I believe in gratitude karma. As long as we are grateful for our good fortune, it will continue. When we start taking it for granted, however, happiness slips through our fingers. Take a moment to say what you’re grateful for. Give yourself a high-five for small successes and surprising blessings. How about it? What are you grateful for this week?
I’m up early this morning for avalanche control. Yesterday, the snow blew sideways, at times spiking up to 70 mph on the summit and eventually shut down the upper mountain. On days like that, its best to hunker down, keep your chin tucked into your collar and snap your powder skirt tight.
It snowed another 4 inches after the lift closed.
And then, just like that, a brief high pressure builds and the stars come out. Overnight the temperature dropped to 14 at the summit, the winds to 20. Today is the lull between storms. Hopefully some of you are already feeling it–that first twinge in your throat (and sometimes in your quads) that means you’re “coming down with something”. That something isn’t the croupe-like bug going around–it’s powder fever.
See you out there!
Looks like more snow will come to the Washington mountains soon. The NWS is calling for snow starting tonight and continuing Sunday, with accumulations between 12-20″ by Monday morning. Tomorrow could be windy as well.
NWAC is calling for an inch of water equivalent by Sunday at 4am, with the snow level around 500 feet.

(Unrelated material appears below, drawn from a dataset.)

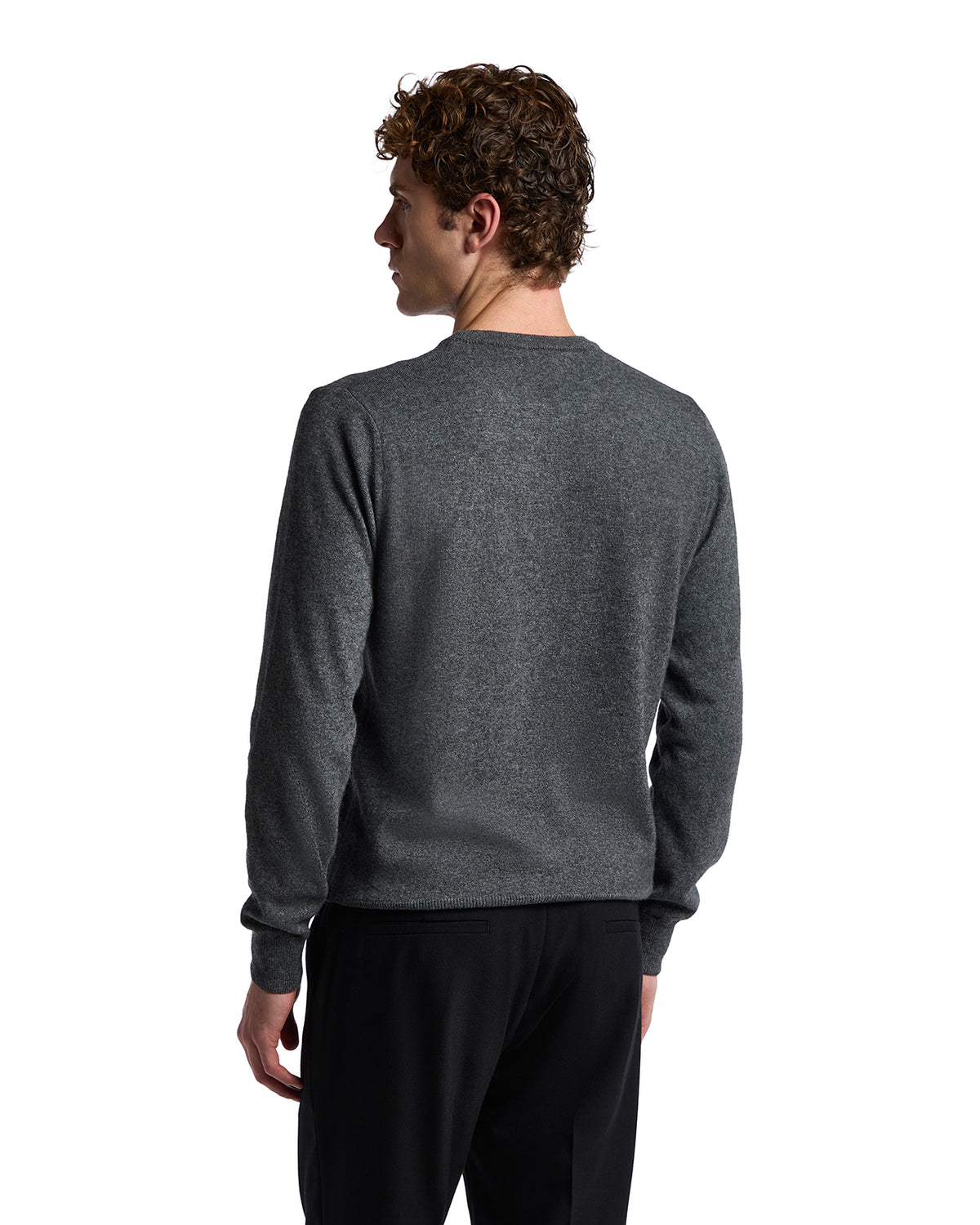 Dustin anthracite cashmere blend crew-neck sweater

An inch of water at cold temperatures could mean 24″ of cold fluff.
Not to overstate the obvious here, but Monday might just be a good day to catch that terrible cough that’s going around.
Cold air from the Frasier River still lingers over Western Washington, and will continue to do so for the next few days. The National Weather Service is calling for another trough moving across the region early next week, bringing rain to the lowlands and more snow to the mountains. That’s the part I like to hear.
While we still have a few more “bitterly cold” days ahead (bringing squeaky snow and fluffy accumulations), the weather should shift to a more normal pattern, with rain down low and snow where we want it.
Good news for skiers!
It’s snowing at Crystal Mountain! Riding the chairlift, you often hear people say “you should have been here yesterday.” I like to think that any day on the slopes can bring that certain type of mountain transcendence we all crave.
I just wish I didn’t have to miss a powder day. My husband and I are on a brief vacation to Whistler, checking the weather and wondering why the snow couldn’t creep up north just a little more. As I read the telemetry, and see that Crystal has picked up almost two feet of snow since we left on Monday, I have to admit I’m a little jealous.
But as I look out my hotel window at the Whistler Village, the gondolas are spinning, and foreigners are queuing up for the lifts, I have to remember that any day on the slopes is great.